- [Your task]: The records below must be copied in full; omit the images.

————

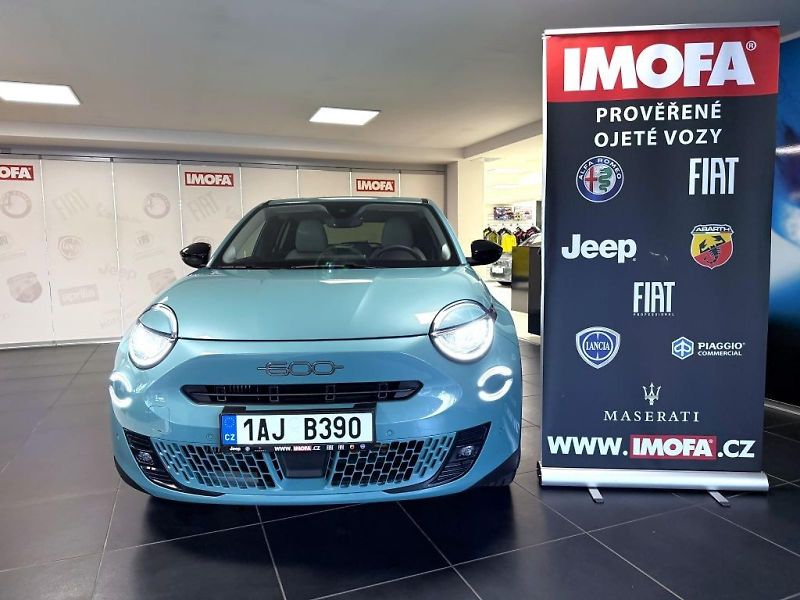 Fiat 600 (2025) 1.2 Turbo Hybrid 145k MHEV eDC - fotka 2 z 19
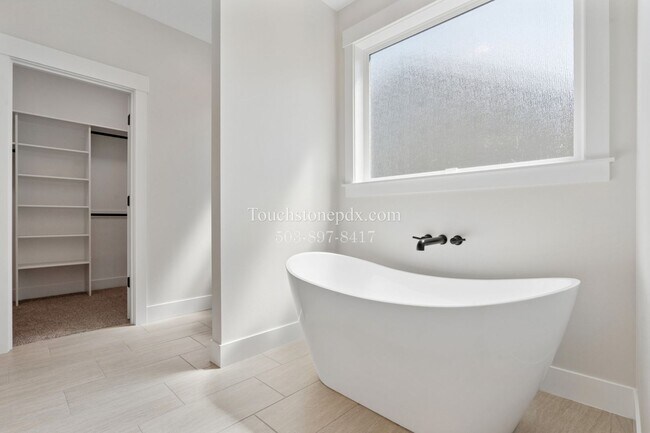Building Photo - Stunning 3 BD, 2 BA Salem Home with Elegant Finishes!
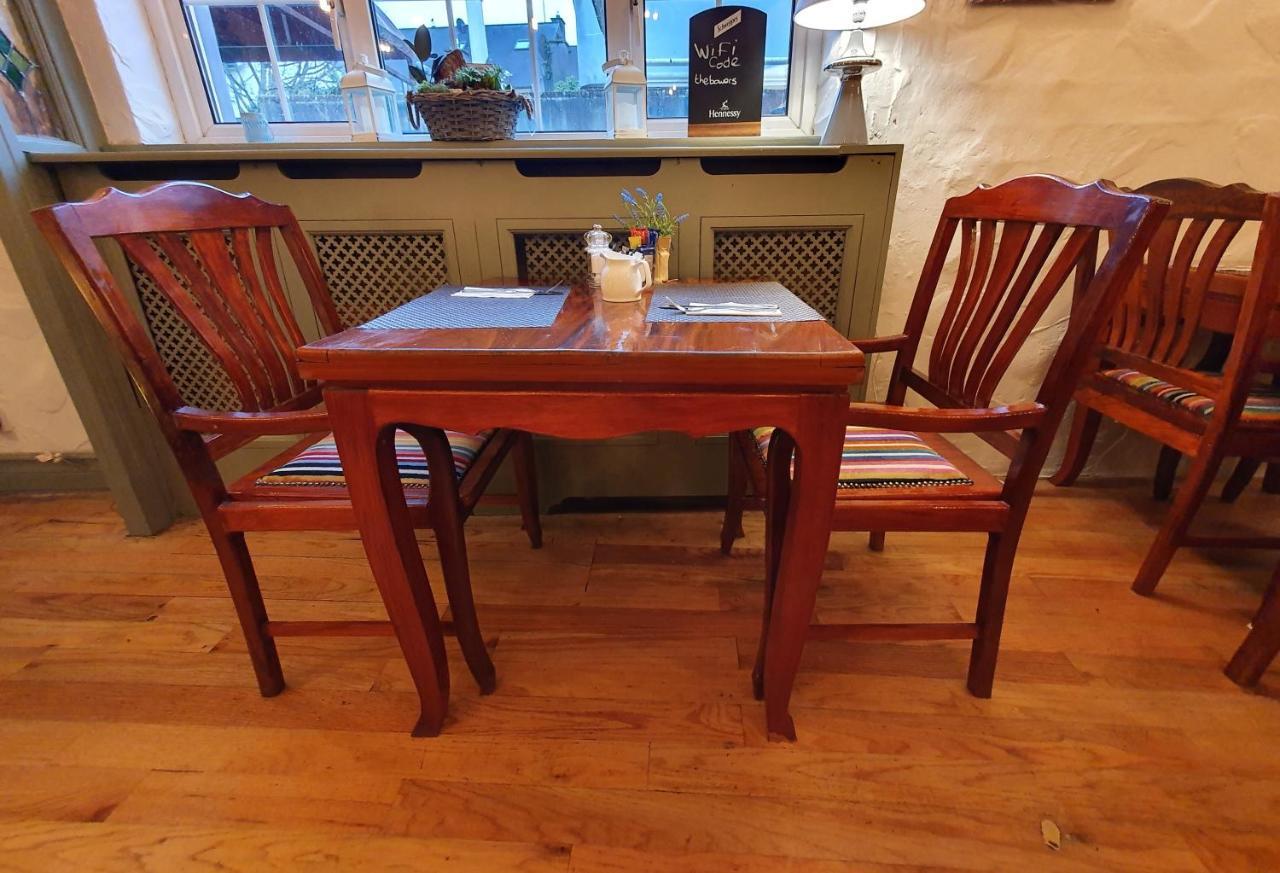 The Bowers Bar & Restaurant Hotell Ballinrobe Exteriör bild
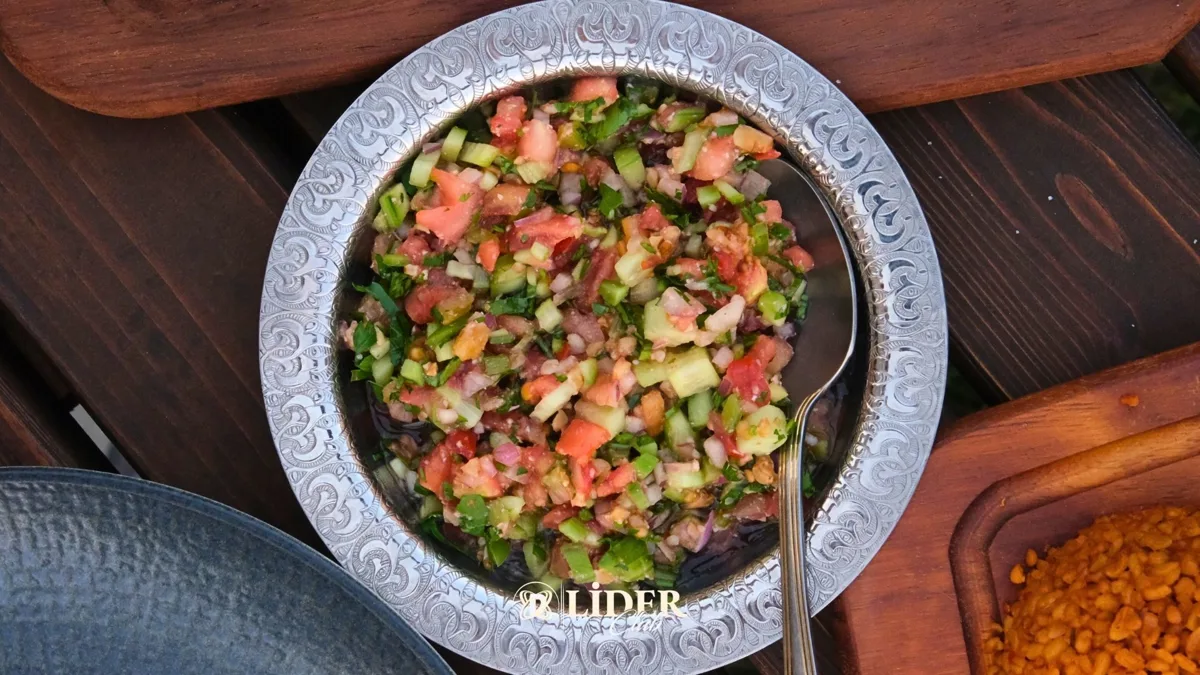 Çoban Salatası: Nasıl Yapılır, Nasıl Olur, Malzemeleri, Faydaları ve Kalorisi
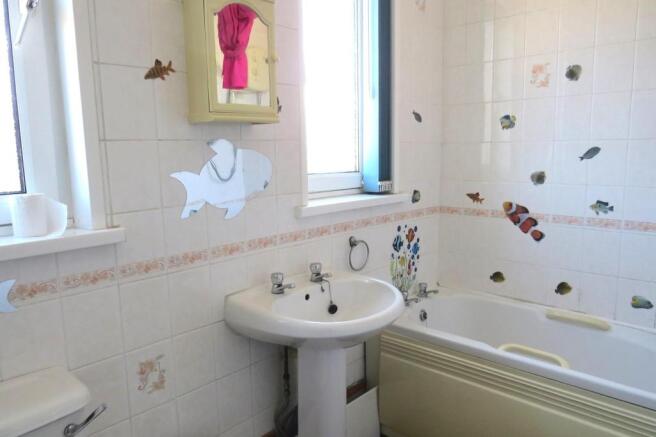 COMBINED BATHJROOM / WC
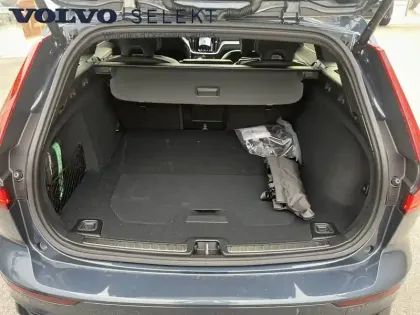 Photo 40 Volvo V60  T6 AWD Hybride Rechargeable 253 ch + 145 ch Geartronic 8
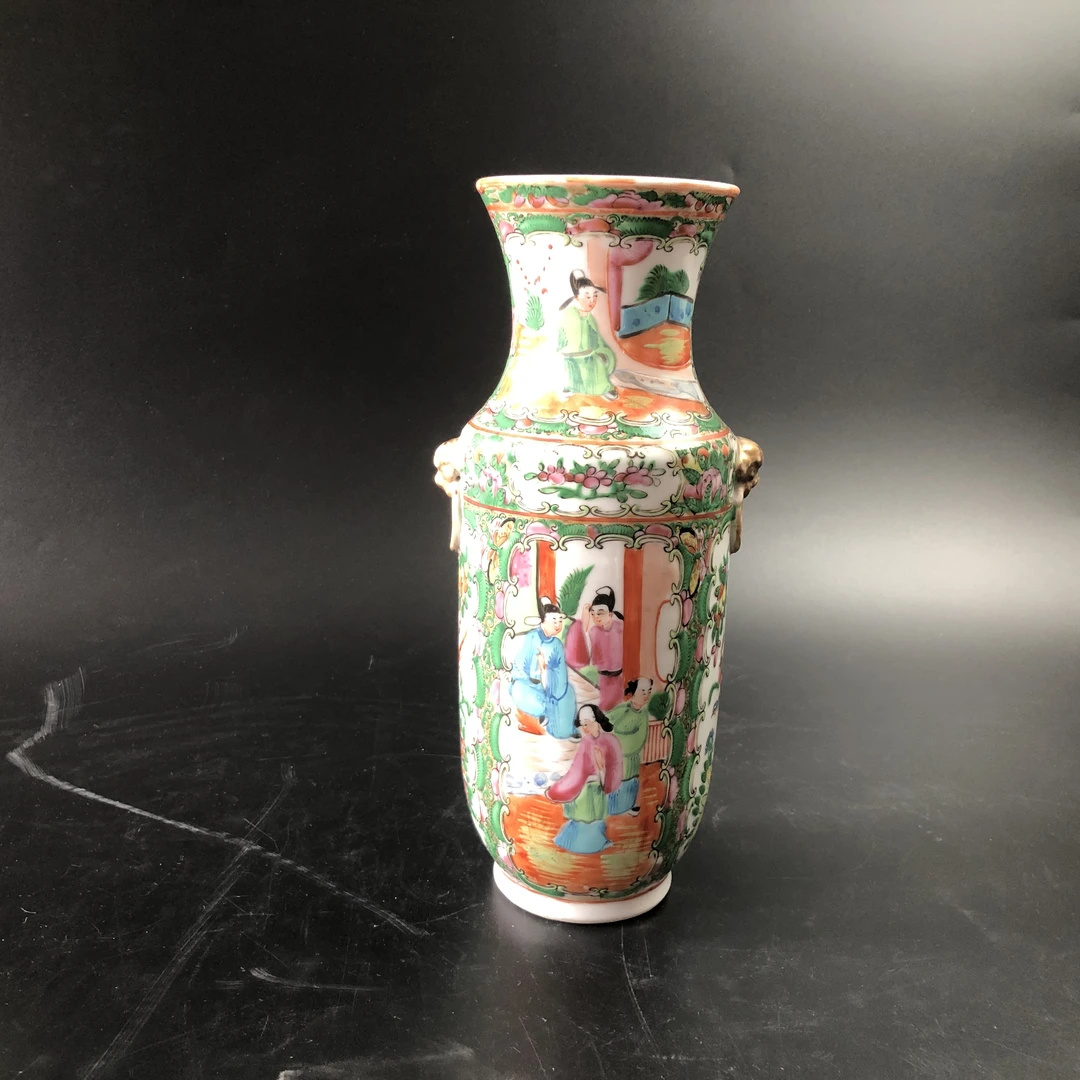 25090844清同治广彩人物花鸟纹赏瓶 高25.9cm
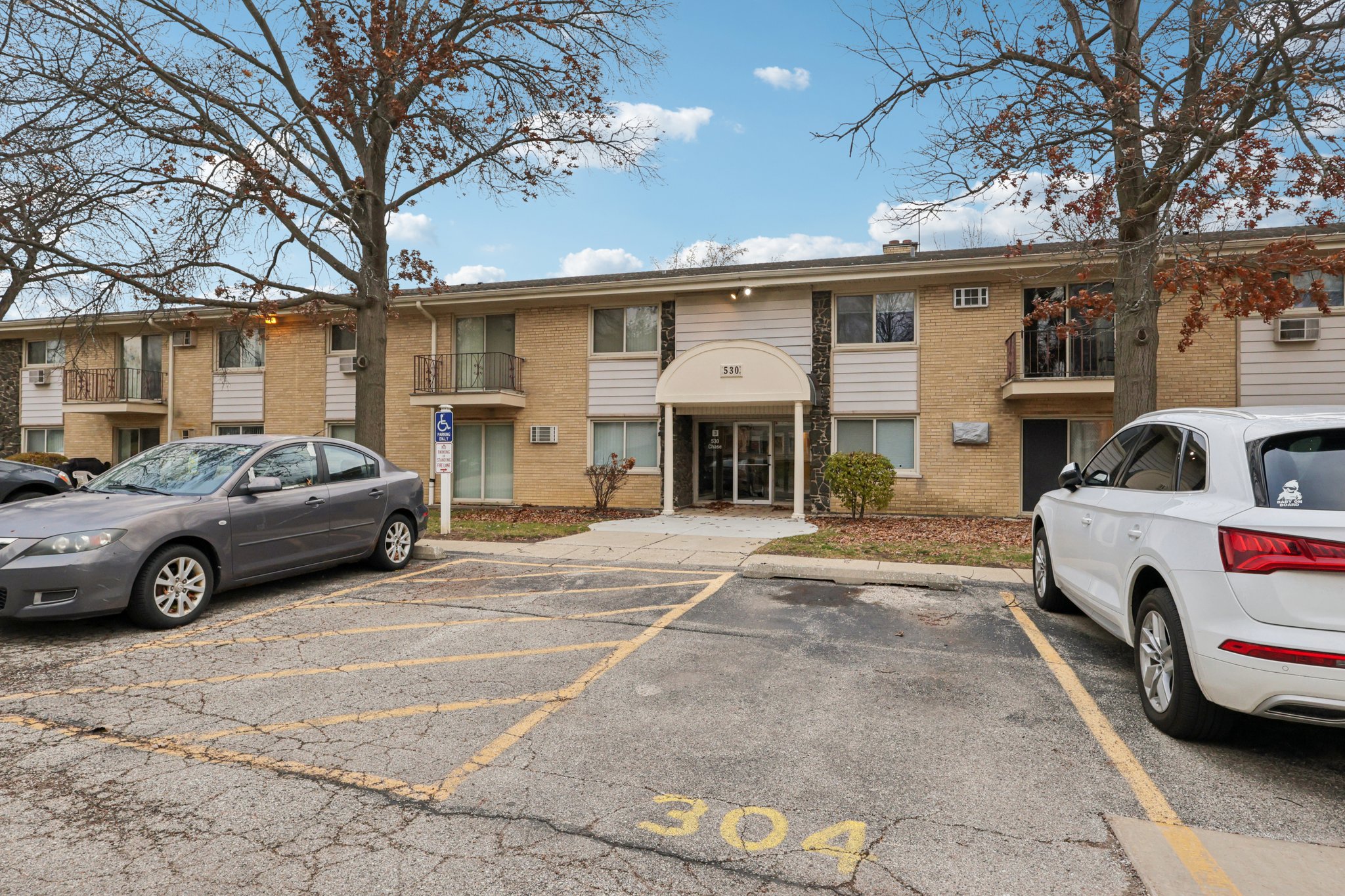 Chase Dr-S2711-002.jpg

————

- [Exercise response]:
 Fiat 600 (2025) 1.2 Turbo Hybrid 145k MHEV eDC - fotka 2 z 19
Building Photo - Stunning 3 BD, 2 BA Salem Home with Elegant Finishes!
 The Bowers Bar & Restaurant Hotell Ballinrobe Exteriör bild
 Çoban Salatası: Nasıl Yapılır, Nasıl Olur, Malzemeleri, Faydaları ve Kalorisi
 COMBINED BATHJROOM / WC
 Photo 40 Volvo V60  T6 AWD Hybride Rechargeable 253 ch + 145 ch Geartronic 8
 25090844清同治广彩人物花鸟纹赏瓶 高25.9cm
 Chase Dr-S2711-002.jpg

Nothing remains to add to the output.